# Thread: Uniform Continuity on an Interval

1. ## Uniform Continuity on an Interval

Show $\displaystyle f(x)=\frac{1}{x^2}$ is not uniformly continuous on $\displaystyle I=(0,\infty)$ .

2. Basically, it can't be uniformly continuous in that interval because the slope goes to (negative) infinity as x goes to zero. To prove this rigorously, remember the definition of uniform continuity: for any $\displaystyle \epsilon>0$, there is a fixed $\displaystyle \delta$ such that $\displaystyle |x-y|<\delta$ implies $\displaystyle |\frac{1}{x^2}-\frac{1}{y^2}|< \epsilon$.

To show that it's not uniformly continuous, choose any epsilon, and show that for any fixed delta, $\displaystyle |\frac{1}{x^2}-\frac{1}{(x+\delta)^2}|$ goes to infinity as x goes to 0.

3. so to rigorously prove it can I just choose a delta like 0?

4. oh ok never mind that was a stupid question lol

the only thing I dont see is how to replace $\displaystyle y^2$ with $\displaystyle (x+ \delta)^2$

5. You can also use the fact that you can find a Cauchy sequence $\displaystyle (s_{n})\in (0,\infty )$ where $\displaystyle (f(s_{n}))$ is NOT Cauchy.

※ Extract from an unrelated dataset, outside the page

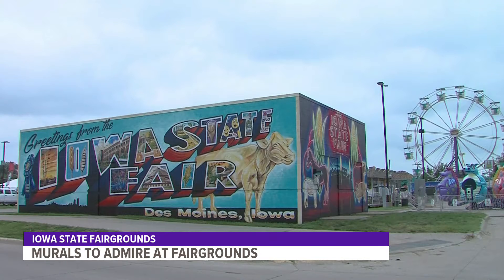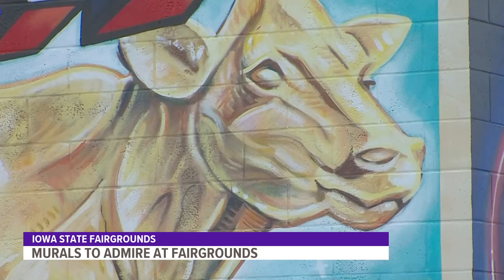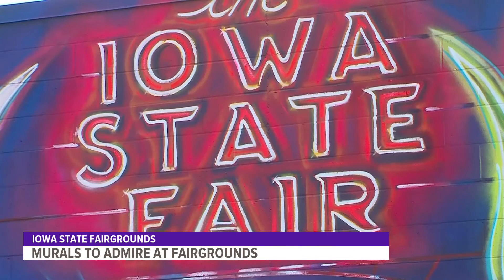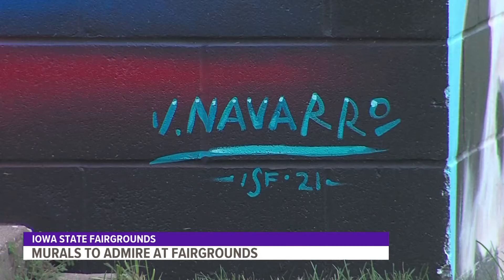On the southwest corner of the fairgrounds, there was an electrical substation, just a concrete block building. With this past year, we knew a lot of big projects couldn't happen, but we were trying to think of ways to spice up the fairgrounds with a small project and had the idea for murals — four blank walls seemed to just jump right out. So we reached out to different artists around here, and Jimmy Navarro was the one that we picked. He had some fantastic ideas for it, and you can see them now out there on the walls.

6. Originally Posted by frenchguy87
Show $\displaystyle f(x)=\frac{1}{x^2}$ is not uniformly continuous on $\displaystyle I=(0,\infty)$ .
There is a theorem concerning uniform continuity that says:

f is uniform continuous on its domain ,and in our case (0,$\displaystyle \infty$) iff for any pair of sequences on (0,$\displaystyle \infty$ {$\displaystyle x_{n}$},{$\displaystyle y_{n}$} we have:

$\displaystyle lim_{n\to\infty} |x_{n}-y_{n}| = 0\Longrightarrow$ $\displaystyle lim_{n\to\infty}|f(x_{n})-f(y_{n})| =0$

Hence to prove that :$\displaystyle \frac{1}{x^2}$ is not uniform continuous on (0,$\displaystyle \infty$) we must find a pair of sequences that:

$\displaystyle lim_{n\to\infty} |x_{n}-y_{n}| = 0$ ,and

$\displaystyle lim_{n\to\infty}|f(x_{n})-f(y_{n})|\neq 0$

So if we put :

$\displaystyle x_{n}=\frac{1}{\sqrt{n}}$ and

$\displaystyle y_{n} =\frac{2}{\sqrt{n}}$,then

$\displaystyle lim_{n\to\infty} |x_{n}-y_{n}| = 0$ and

$\displaystyle lim_{n\to\infty}|f(x_{n})-f(y_{n})|\neq 0$

7. Originally Posted by frenchguy87
Show $\displaystyle f(x)=\frac{1}{x^2}$ is not uniformly continuous on $\displaystyle I=(0,\infty)$ .
Notice that uniformly continuous functions preserve Cauchy sequences. Is $\displaystyle \frac{1}{\sqrt{n}}$ Cauchy? Is $\displaystyle n$?